Rational approximations for pFq's that are entire run into a stability issue when evaluating for large (and generally positive real part) z because even if the poles scatter to infinity as one increases the type (degree, degree), the evaluation point may be close to a pole of a rational approximant of a specific type.

Maybe the real issue here is to case out 1F1, as pointed out in #32.

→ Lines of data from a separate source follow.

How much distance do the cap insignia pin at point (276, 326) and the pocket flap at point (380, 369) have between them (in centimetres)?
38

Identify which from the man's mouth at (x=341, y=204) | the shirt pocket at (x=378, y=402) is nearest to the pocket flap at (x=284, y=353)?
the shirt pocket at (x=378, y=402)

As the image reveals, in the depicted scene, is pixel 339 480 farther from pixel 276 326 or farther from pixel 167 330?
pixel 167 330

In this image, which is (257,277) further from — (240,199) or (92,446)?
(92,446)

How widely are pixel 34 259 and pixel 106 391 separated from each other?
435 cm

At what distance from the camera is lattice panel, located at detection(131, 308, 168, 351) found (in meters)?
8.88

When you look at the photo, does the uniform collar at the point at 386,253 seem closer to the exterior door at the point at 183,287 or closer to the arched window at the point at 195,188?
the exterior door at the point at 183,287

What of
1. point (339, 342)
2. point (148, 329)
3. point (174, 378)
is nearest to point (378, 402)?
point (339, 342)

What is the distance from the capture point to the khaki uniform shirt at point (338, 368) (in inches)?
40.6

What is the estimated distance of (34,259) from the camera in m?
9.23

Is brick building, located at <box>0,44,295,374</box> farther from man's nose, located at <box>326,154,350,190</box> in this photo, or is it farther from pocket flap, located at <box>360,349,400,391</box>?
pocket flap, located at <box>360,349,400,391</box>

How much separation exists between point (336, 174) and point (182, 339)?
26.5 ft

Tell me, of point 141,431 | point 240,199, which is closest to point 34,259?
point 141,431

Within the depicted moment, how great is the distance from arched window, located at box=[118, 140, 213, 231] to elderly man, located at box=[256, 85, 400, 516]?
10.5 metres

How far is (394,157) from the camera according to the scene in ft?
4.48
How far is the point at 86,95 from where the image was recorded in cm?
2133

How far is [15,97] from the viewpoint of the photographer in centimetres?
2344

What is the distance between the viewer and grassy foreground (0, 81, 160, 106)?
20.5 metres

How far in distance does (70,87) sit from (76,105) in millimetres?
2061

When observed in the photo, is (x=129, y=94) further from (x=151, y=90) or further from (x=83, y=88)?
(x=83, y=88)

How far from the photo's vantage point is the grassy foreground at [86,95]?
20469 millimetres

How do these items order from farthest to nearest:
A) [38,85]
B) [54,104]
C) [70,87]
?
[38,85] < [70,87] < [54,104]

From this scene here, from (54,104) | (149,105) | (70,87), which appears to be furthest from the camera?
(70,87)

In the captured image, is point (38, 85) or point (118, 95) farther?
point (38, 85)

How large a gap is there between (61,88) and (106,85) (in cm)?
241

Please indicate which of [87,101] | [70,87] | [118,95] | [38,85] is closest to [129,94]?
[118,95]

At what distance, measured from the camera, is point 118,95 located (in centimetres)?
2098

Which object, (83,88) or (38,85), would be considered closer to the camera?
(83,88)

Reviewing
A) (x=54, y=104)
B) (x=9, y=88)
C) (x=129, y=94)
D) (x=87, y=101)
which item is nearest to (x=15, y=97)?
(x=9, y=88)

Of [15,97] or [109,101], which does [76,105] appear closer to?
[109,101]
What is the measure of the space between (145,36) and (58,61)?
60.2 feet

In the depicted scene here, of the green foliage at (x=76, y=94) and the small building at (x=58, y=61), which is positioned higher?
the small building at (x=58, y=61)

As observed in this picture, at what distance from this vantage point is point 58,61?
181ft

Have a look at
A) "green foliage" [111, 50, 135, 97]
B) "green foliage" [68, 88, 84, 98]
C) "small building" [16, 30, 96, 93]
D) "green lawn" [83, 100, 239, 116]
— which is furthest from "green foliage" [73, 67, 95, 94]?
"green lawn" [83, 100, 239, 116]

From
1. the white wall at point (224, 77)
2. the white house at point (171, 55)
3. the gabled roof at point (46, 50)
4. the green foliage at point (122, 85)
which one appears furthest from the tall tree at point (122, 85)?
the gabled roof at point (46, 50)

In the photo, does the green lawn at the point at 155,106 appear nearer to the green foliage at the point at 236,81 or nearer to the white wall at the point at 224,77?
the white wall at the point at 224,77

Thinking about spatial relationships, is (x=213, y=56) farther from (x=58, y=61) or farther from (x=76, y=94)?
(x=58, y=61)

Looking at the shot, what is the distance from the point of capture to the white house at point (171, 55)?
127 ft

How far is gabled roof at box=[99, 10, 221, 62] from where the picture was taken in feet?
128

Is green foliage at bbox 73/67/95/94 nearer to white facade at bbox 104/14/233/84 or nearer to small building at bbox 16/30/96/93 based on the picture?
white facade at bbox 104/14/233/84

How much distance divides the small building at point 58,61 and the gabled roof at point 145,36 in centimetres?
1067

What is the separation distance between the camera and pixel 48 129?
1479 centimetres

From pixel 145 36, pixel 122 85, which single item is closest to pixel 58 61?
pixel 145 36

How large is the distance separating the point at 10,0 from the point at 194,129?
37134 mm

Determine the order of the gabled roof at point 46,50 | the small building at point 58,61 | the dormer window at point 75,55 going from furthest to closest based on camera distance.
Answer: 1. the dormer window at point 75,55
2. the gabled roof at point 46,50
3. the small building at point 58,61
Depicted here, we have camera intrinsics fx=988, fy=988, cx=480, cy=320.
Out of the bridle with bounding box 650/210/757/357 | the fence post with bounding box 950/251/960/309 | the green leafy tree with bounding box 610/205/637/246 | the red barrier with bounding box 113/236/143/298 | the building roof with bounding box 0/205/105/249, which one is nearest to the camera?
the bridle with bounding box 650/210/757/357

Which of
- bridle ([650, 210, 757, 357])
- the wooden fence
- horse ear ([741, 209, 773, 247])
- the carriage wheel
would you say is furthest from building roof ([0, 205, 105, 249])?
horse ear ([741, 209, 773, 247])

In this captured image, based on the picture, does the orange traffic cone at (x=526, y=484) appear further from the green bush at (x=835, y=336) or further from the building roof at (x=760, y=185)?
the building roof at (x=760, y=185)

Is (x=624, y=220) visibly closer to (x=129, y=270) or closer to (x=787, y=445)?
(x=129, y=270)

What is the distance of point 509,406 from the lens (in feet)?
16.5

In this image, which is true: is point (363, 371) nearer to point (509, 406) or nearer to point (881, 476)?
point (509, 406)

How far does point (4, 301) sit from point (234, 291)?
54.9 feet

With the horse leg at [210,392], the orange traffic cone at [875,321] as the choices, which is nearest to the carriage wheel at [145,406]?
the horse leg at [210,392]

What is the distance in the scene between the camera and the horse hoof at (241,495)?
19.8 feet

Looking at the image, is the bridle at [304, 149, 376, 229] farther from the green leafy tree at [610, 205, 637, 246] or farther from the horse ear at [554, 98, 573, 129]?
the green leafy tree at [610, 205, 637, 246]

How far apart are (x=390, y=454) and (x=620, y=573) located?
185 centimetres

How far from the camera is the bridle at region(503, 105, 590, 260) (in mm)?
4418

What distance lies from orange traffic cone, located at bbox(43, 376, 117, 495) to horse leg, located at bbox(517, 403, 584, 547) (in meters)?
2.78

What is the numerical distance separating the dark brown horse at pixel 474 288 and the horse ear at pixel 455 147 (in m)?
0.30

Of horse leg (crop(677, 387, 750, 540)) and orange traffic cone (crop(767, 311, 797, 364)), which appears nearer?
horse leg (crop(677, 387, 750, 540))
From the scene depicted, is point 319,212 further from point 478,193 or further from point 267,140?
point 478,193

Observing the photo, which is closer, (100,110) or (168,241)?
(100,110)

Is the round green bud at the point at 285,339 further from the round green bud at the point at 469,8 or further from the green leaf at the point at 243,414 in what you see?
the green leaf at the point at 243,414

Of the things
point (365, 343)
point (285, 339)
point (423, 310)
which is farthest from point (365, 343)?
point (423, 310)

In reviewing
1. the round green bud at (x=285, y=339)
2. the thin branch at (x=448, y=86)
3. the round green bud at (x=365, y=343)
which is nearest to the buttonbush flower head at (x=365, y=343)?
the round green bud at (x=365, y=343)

I don't know if this issue is formally closable, but _₁F₁(a, b, z) and HypergeometricFunctions.M(a, b, z) are added and special cased in pFq. This is for version 0.3.7 which will be tagged soon.

Excellent, this works perfectly! They give out at the exact same point, which is well beyond the point where I can apply the appropriate asymptotic expression myself (in logarithmic format). Thank you so much!